Course Project
Contents
Course Project¶
Introduction¶
For the final project, you will share a Deepnote project analyzing a dataset of your choice.
Logistics¶
The following are requirements to receive a passing score on the course project.
Due date: Monday, March 14th 2022, 11:59pm California time.
This is an individual project (not a group project).
Use the Project Template available in the Project category on Deepnote.
Share the project with both Chris and Thurman on Deepnote. (Please give us
View
access, which is the default setting, or higher. This has the same deadline as the overall project.)For the submission on Canvas, upload the ipynb file.
The primary focus of the project must be on something involving data, and primarily using one or more datasets that weren’t covered in Math 10. (You can either use datasets that are for example built in to PyTorch or Seaborn, or you can upload the dataset to Deepnote yourself.)
The project should clearly build on the Math 10 material. If you’re an expert in Python material that was not covered in Math 10, you are of course welcome to use that, but the project should use the topics of Math 10 in an essential way (see the rubric below).

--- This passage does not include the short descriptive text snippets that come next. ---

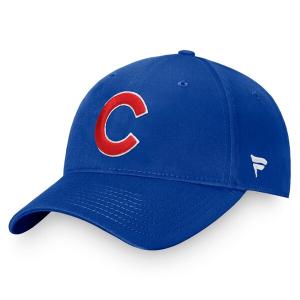 ファナティクス 帽子 メンズ Chicago Cubs Fanatics Core Adjustable Hat Royal｜asty-shop2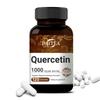 Quercetină 1000 Mg Supliment Alimentar, 120 Capsule cu Extracte din Plante Per Sticlă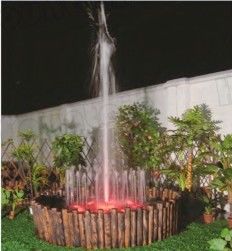 Dự án đài phun nước âm nhạc tròn nhỏ trong nhà 1m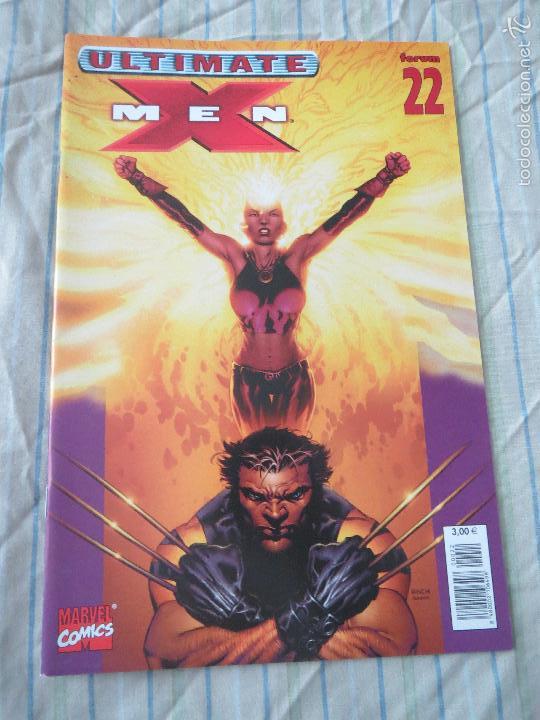 C&oacute;mics: COMIC ULTIMATE X-MEN NUMERO 22 FORUM - Foto 1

Anything that is taken from another source (either the idea for the project or a piece of code that is longer than a few lines, even if you edit that code) should be explicitly mentioned in the References section. (For example, you could write, “The configuration of the Altair chart was adapted from [link].”).
Rubric¶
The course project is worth 20% of your course grade, and we will grade the project out of 40 total points.
(Clarity, 12 points) Is the project clear and well-organized? Does it use good coding style (for example, avoiding unnecessary for loops)? Does it explore one or more clearly described datasets, and is it clear where those datasets came from? Use text and markdown throughout the project to help the reader understand what is going on. Is the reasoning clear? (It’s fine if you have negative results like, “so there is no clear connection between these variables”. In fact, I prefer those sorts of results as opposed to unbelievable claims.)
(Machine Learning, 10 points) Does the project explore the data using a variety of tools from scikit-learn and/or PyTorch? (You can use both scikit-learn and PyTorch, but that’s not required. Using one of them is enough.) Does the project refer to essential aspects of data analysis, such as over-fitting or the importance of a test set?
(pandas, 6 points) Does the project make essential use of pandas to explore the data? Using pandas to read and store the data is not sufficient. It should also be used either to clean the data, or to analyze the data, or for performing feature engineering.
(Altair, 6 points) Does the project include a variety of interesting charts, made using Altair? Do we learn something about the data from these charts?
(Extra, 6 points) Does the project include material that was not covered in Math 10? (This could include different libraries, different machine learning algorithms, or deeper use of the libraries we covered in Math 10. Here are some possibilities, but you’re very encouraged to choose your own.)
Advice¶
Here is some general advice about the project.
Don’t repeat the same technique multiple times unless it’s really essential. For example, having one interesting chart and a different less interesting chart is better than having the same interesting chart made for two different datasets.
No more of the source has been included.